Measure N is a ballot initiative to repeal the Utility User Tax that all Glendale residents currently pay. If you look at your utility bill, (Water, Power, Gas) You will see a 7% Utility users tax. If you vote Yes on N, the City will be forced to stop charging you the 7% tax that you currently pay. A Yes on N will immediately save you 7% on all your utility bills. That’s $91 per person in your house per year. For a household of 4 that’s a savings of $364.00 per year.
I did not know I can vote to stop paying taxes!
Certain taxes you can vote to stop paying, but the city will never give you that chance by themselves. Once you agree to tax yourself. The city will want to tax you forever. But a group of citizens worked really hard to collect enough signatures (over 1500 signatures) to give you the right to repeal the utility user tax. All that hard work will only come to fruition on June 7, 2016, if you vote Yes on N. By voting Yes on N you tell the city you decide when you want to tax yourself and they should not take your tax money for granted.
I hear the city saying this will hurt city services.
It is unfortunate that the city does not have a proactive can-do attitude on saving the taxpayers money and providing services competitively. In any other service industry, you have multiple businesses competing for your business/money by trying to provide more value, better service for less cost. We all know that competition in business is good for consumers because it forces innovation, creative solutions, and choice to the consumer.
The city does not need to compete because you, the tax payer, is a captive customer. It is not forced to innovate or come up with new more efficient solutions. They have a monopoly on you. You can’t just switch cities. So instead of competing to deliver the best service, they tell you if you don’t pay us all we want, we will cut your services. Just like a monopoly will do. So the taxpayer can play the victim and succumb, or can rise up and withhold tax payments. By voting Yes on N, you send a message to the to respect your hard earned tax dollars and demand the city deliver results.
So how do you force city management to compete, innovate and become efficient?
Glendale History teaches us that when forced with budget cuts, Glendale comes thru in flying colors. In 2008 Glendale lost the redevelopment money and as a result cut 406 employees. By 2013 Glendale had approximately 1550 employees when it used to have almost 2000 employees. But time and time again, council members took pride that despite the reduced level of employees, Glendale continued to receive the same level of service. Which brings up the question as to did we have so many excess employees in 2008 in the first place? And how much more excess employees do we still have?

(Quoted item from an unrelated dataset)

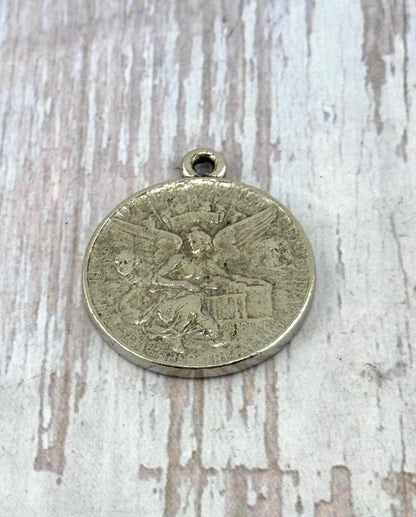 Colgante de Moneda Ángel y Águila (réplica), Peltre Envejecido - PT540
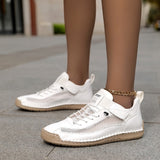 Josette | White Strap-Detail Sneakers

The fact is when the city does not have to compete in providing service, and the taxpayer is a captive customer, there is no incentive to be efficient. The need to compete and innovate to become efficient must be forced upon to test the optimal level of service that can be provided for a given dollar. Otherwise the easy way out is to keep charging the captive customers, that the taxpayer, more and more.
A more recent example of forced innovation and competitiveness is the very recent elimination of retired employee heath benefits. In October 2015, City council eliminated $229 million in unfunded OPEB (Other Post Employment Benefits). Why did the city management and city council decide in 2015 to eliminate the OPEB? Bear in mind that the OPEB kept rising each year from from $109 Million in 2009 to $229 million in 2014. Well in 2016 the Governmental Accounting Standards Board updated the rules requiring unfunded liabilities to be listed as an accounting item on the Comprehensive Annual Financial report. Failure to comply with the new GASB rules will result in Glendale losing $50 million in Federal grants. Listing the unfunded liability on the CAFR will impact how Glendale can borrow money and how much it will have to pay for bonds. (see staff report page 4 middle 2 paragraphs)
So with a strike of the pen, they just eliminated $229 million in unfunded OPEB. It turns out there was no legal requirement for the city to provide all this Other Post Employment Benefits in the first place. It was just a freebie given away to employees at the taxpayer expense. Yet another example that outside force is needed to stimulate change towards efficiency. The city employee’s have a vested interest in maximizing their own benefits at taxpayer expense.
Without external pressure on city management, there is simply no incentive to improve. Taxpayers need to let the city know they expect proactive performance and not last minute damage control. City managements needs to understand that the taxpayers expects the best value. Having consistently failed to deliver, a Yes on N will hold city management accountable to taxpayers and their hard earned money.